Понятно также, что орлиное око инвестора не могло пропустить такую жемчужину. Разговоры о переселении диспансера поползли уже несколько лет назад, но гром грянул этой осенью, после того как губернатор Валентина Матвиенко обозрела земельный участок под Гатчиной, предназначенный для новых корпусов психиатрической больницы имени Кащенко.

Что писали в свое время про эту больницу, то есть как там обращаются с больными, я повторять не буду, чтобы лишний раз не расстраиваться, но главное – губернатор сообщила о грядущем переезде в эти корпуса насельников больницы на набережных Пряжки и Фонтанки, поскольку палаты психоневрологического диспансера № 7 – ну-ка, угадайте, что с ними не так? – Правильно – не соответствуют санитарным нормам.
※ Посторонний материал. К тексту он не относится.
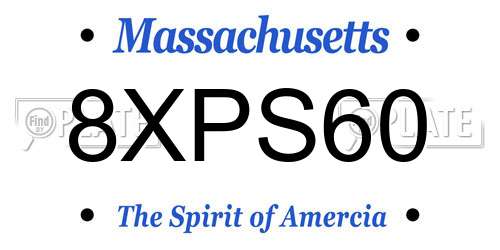 8XPS60 Massachusetts License Plate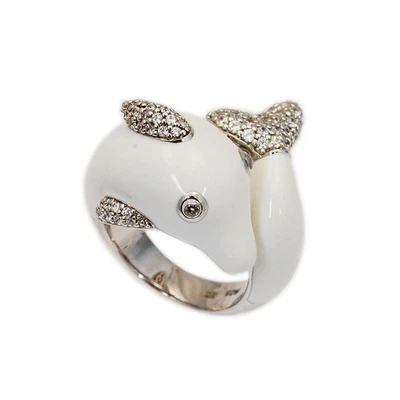 DOLPHIN WHITE ENAMEL CZ  925 STERLING SILVER CHUNKY VOGUE WOMEN RING GF-19888WT - Image 1 of 4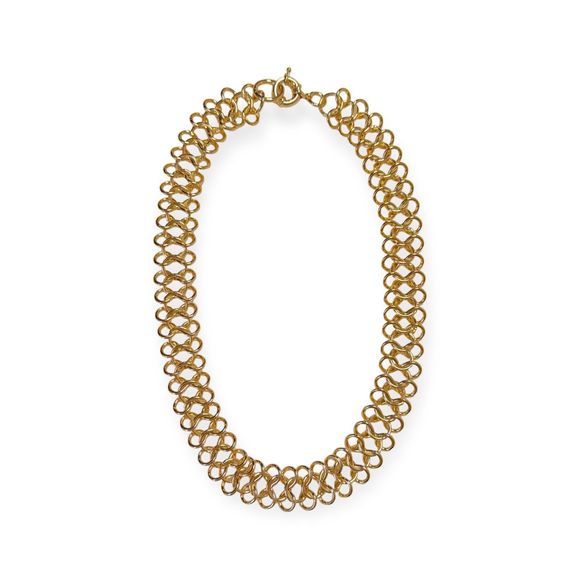 Vintage Gold Plated Chainmail Chain Necklace, Unisex - Picture 1 of 6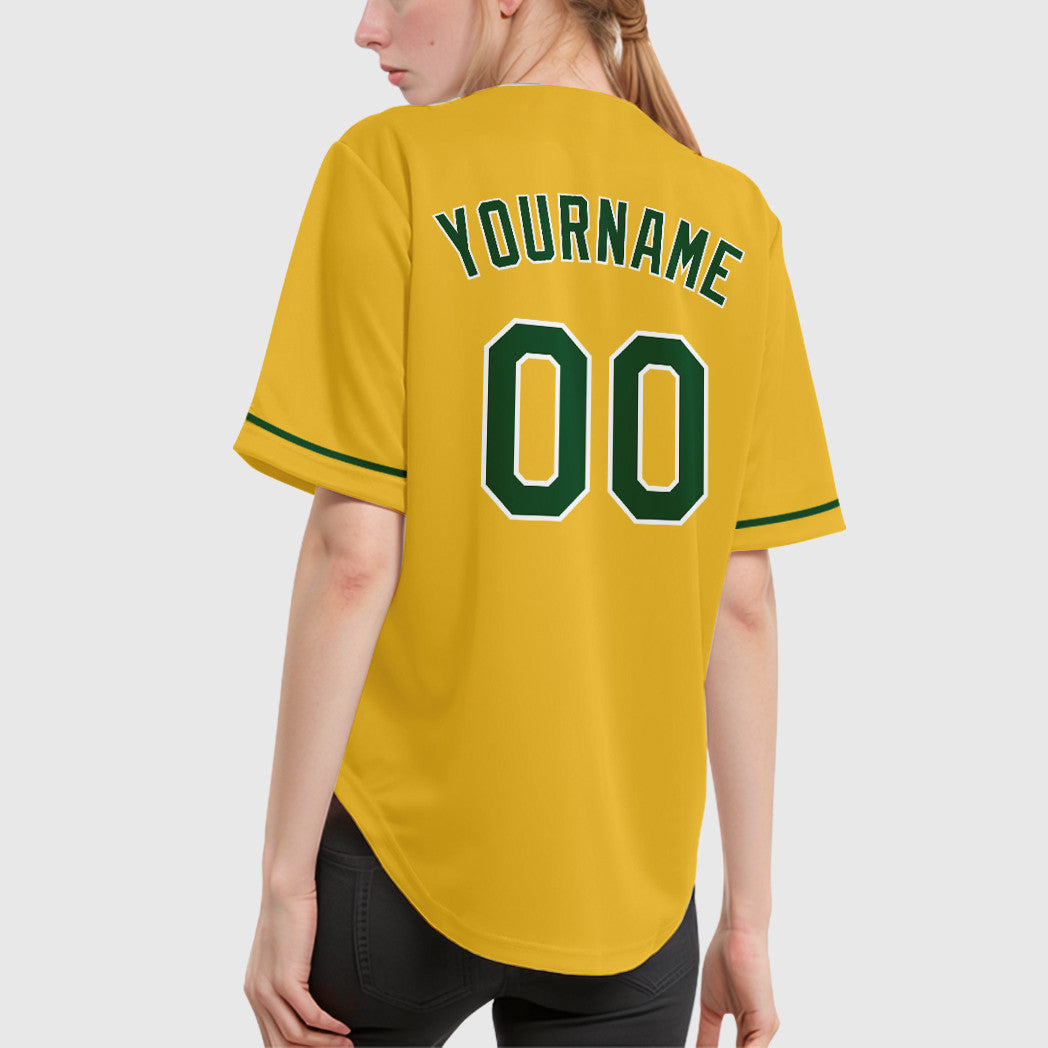 Custom Yellow Green Green-White Baseball Jersey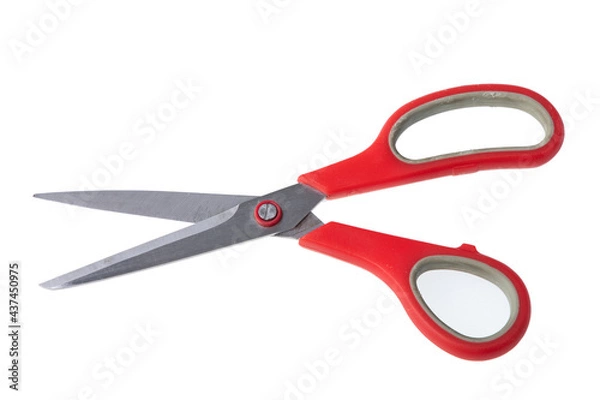 Fototapeta Used red scissors on white background 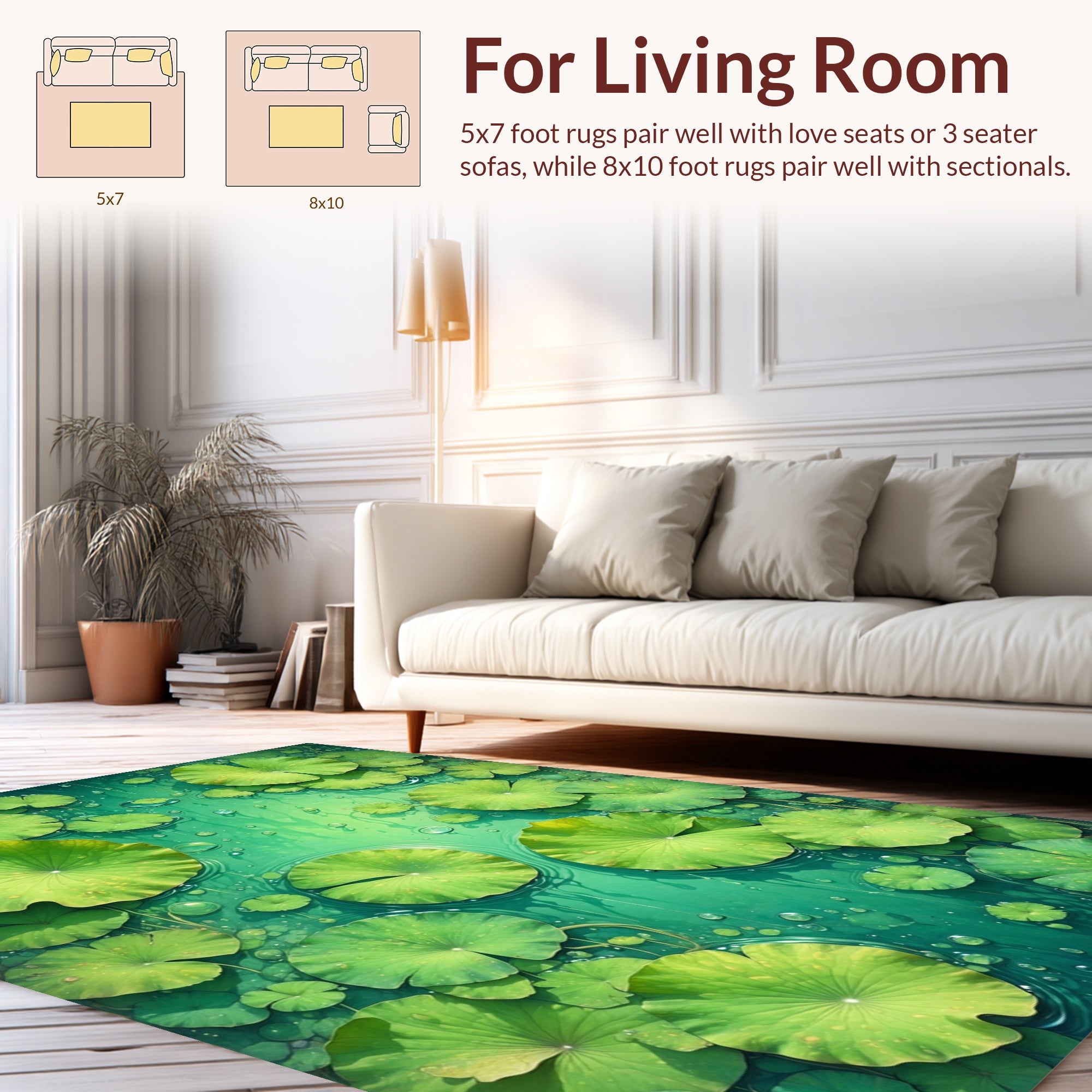 Emerald Lily Pad Water Garden Rug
То есть когда нужно перестроить под бизнес-центр или отель дом в центре города, где еще живут какие-то там жильцы, этот дом, разумеется, начинает аварийно угрожать жизни прохожих, в срочном порядке спасаемых от угрозы безобразным синим забором. А когда в перспективном доме оказывается больница – там уж в ход идут санитарные нормы – все ведь для людей. А что до больных, которых выкинут за город, так что к ним никакие родственники с пирожками не доедут, и до персонала, обреченного мотаться по электричкам, просаживая на это дело половину своей могучей зарплаты, - так это же мелочи для государственного ума.
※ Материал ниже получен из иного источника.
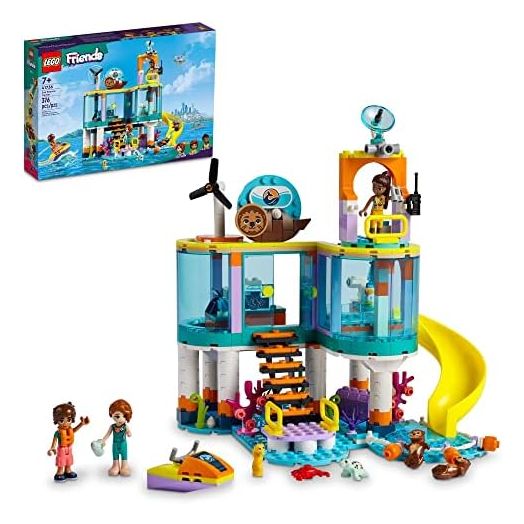 LEGO Friends Sea Rescue Center 41736 Building Toy for Ages 7+, with 3 Mini-Dolls, 2 Otters, a Seahorse, Turtle and Water Scooter, a Great Birthday Gift for Pretend Ocean Rescue Play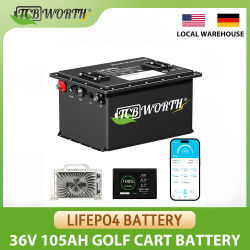 Batería de litio para carrito de golf, 36V, 105Ah, BMS inteligente de 200A, Monitor táctil, con cargador, aplicación habilitada, potencia máxima de 7680W, más de 6000 motocicletas de carga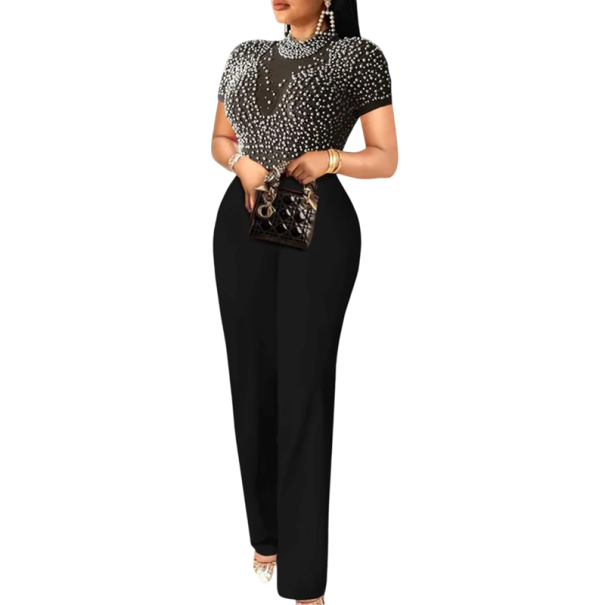 Damen Overall einfarbig Halbdurchsichtiger Top mit Perlen Rundhalsausschnitt Lange Hosen Eleganter Schnitt Nylon schwarz S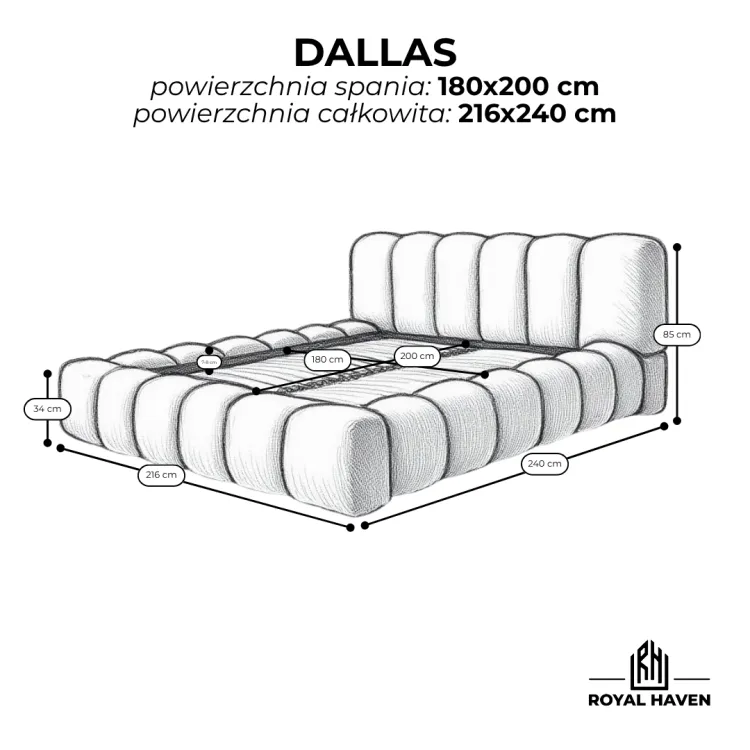 Łóżko tapicerowane 180x200 DALLAS
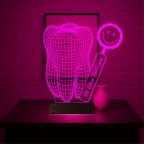 Smile Diş Hekimi Diş Doktoru Hediye Kişiye Özel 3D Lamba - Masa Gece Lambası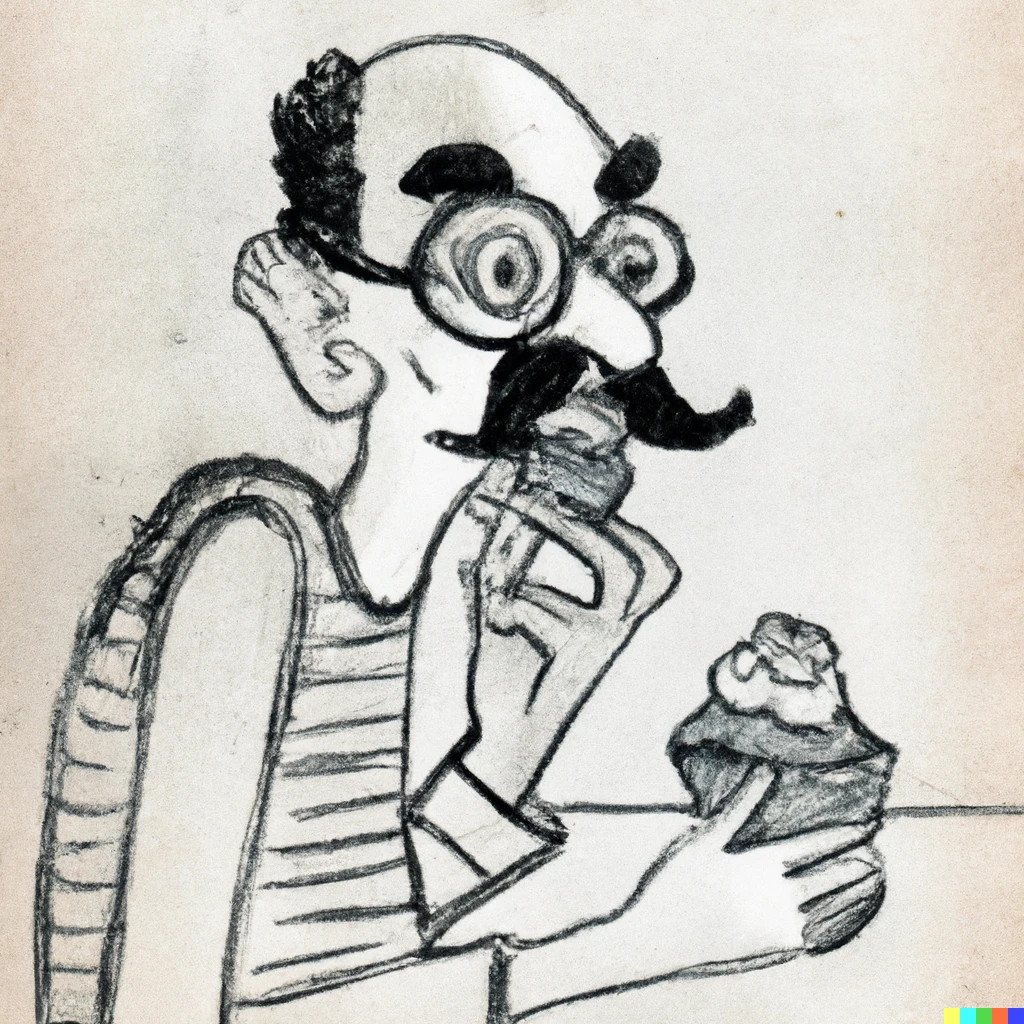 Prompt: groucho marx eating cupcakes as a pencil sketch drawn by Picasso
Но я, собственно, о городе. Может, кто-то и думает – да выкинуть дурдом с Фонтанки и Пряжки, всем же лучше будет! - Не будет. Тонкая ткань города сложна и прихотлива, как ткань мозга – выкрои из нее рынки, привокзальное варево лотков и забегаловок, заплесневелые дворы-колодцы, ржавые ворота и нечаянные пруды – и все, исчезнет некий животворный эфир, материализующийся то в желтом пятне косого брандмауэра об одном заплывшем оконце, то в сером рыбаке, закинувшем леску за сфинкса, то в подпрыгивающей походке городского сумасшедшего с хризантемой в петлице.

Некие эффективные менеджеры в нацистской Германии тоже избавлялись от душевнобольных, более радикально, правда, но почему-то не вспомнить невозможно. Другие эффективные менеджеры, их браться по разуму, в этом самом городе после войны тоже услужили идее благолепия, выкинув на остров Валаам всех обрубков, потерявших конечности в боях, – опять же и за этот самый город.
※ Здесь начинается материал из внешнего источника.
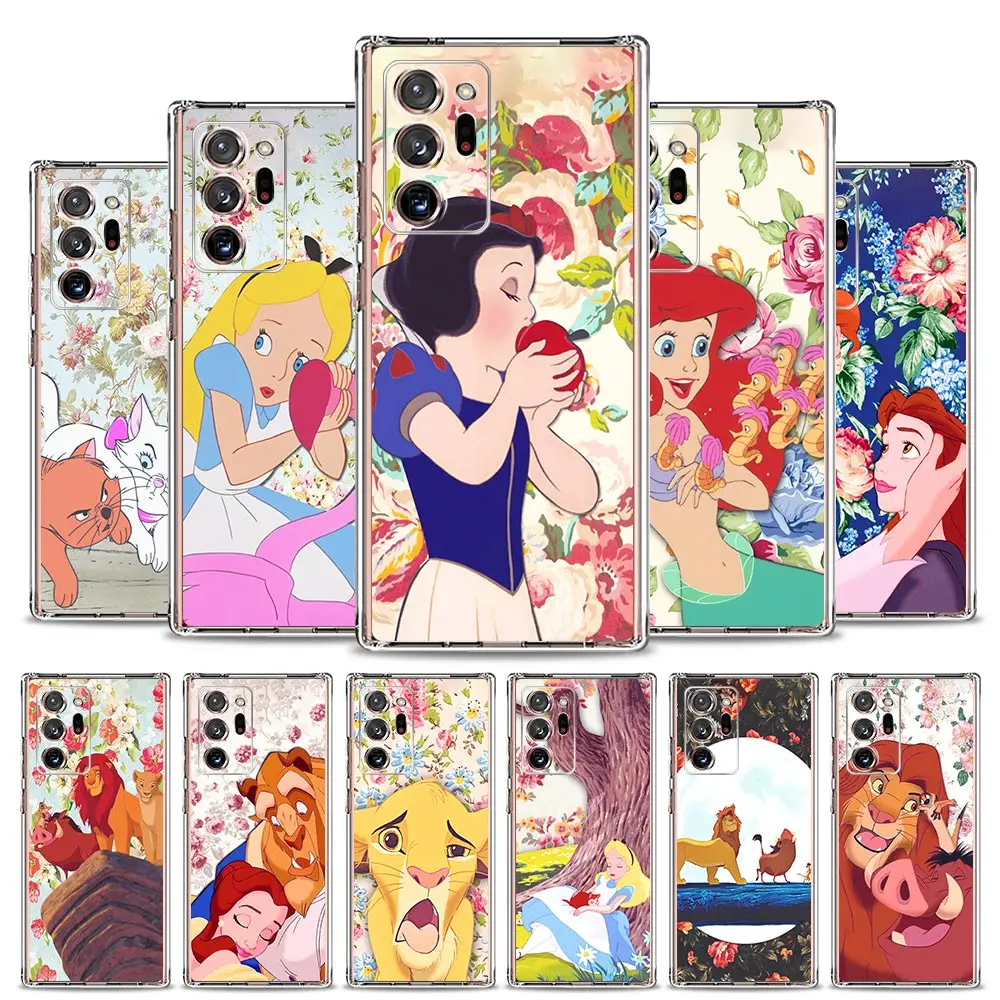 

Disney Ariel snow white prince Transparent Soft Case for Samsung Galaxy S9 10 Plus S10e S10 Lite Note 9 20 Ultra 5G Cover Funda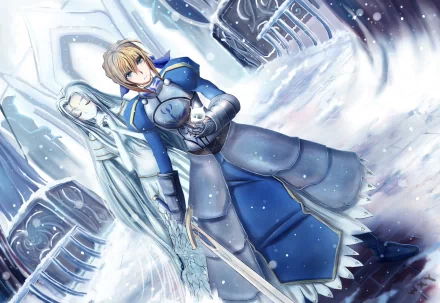 HD anime desktop wallpaper featuring Saber from Fate/Zero standing in a snowy, icy landscape with a statue of Irisviel Von Einzbern in the background.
Но я сомневаюсь почему-то, что сегодня бледные лица, плывущие в окнах психоневрологического диспансера, оскорбляют чей-то чиновный взор. Этот взор их в упор не видит. Как и самого города, разграфленного в их бедном уме на клетки, сообразно стоимости земли и объектов недвижимости. Каковых – старинных, составляющих не только плоть, но и душу города – все меньше и меньше. Скорбное зрелище – небесная линия в клеточку. Превращающая и весь город в дом скорби.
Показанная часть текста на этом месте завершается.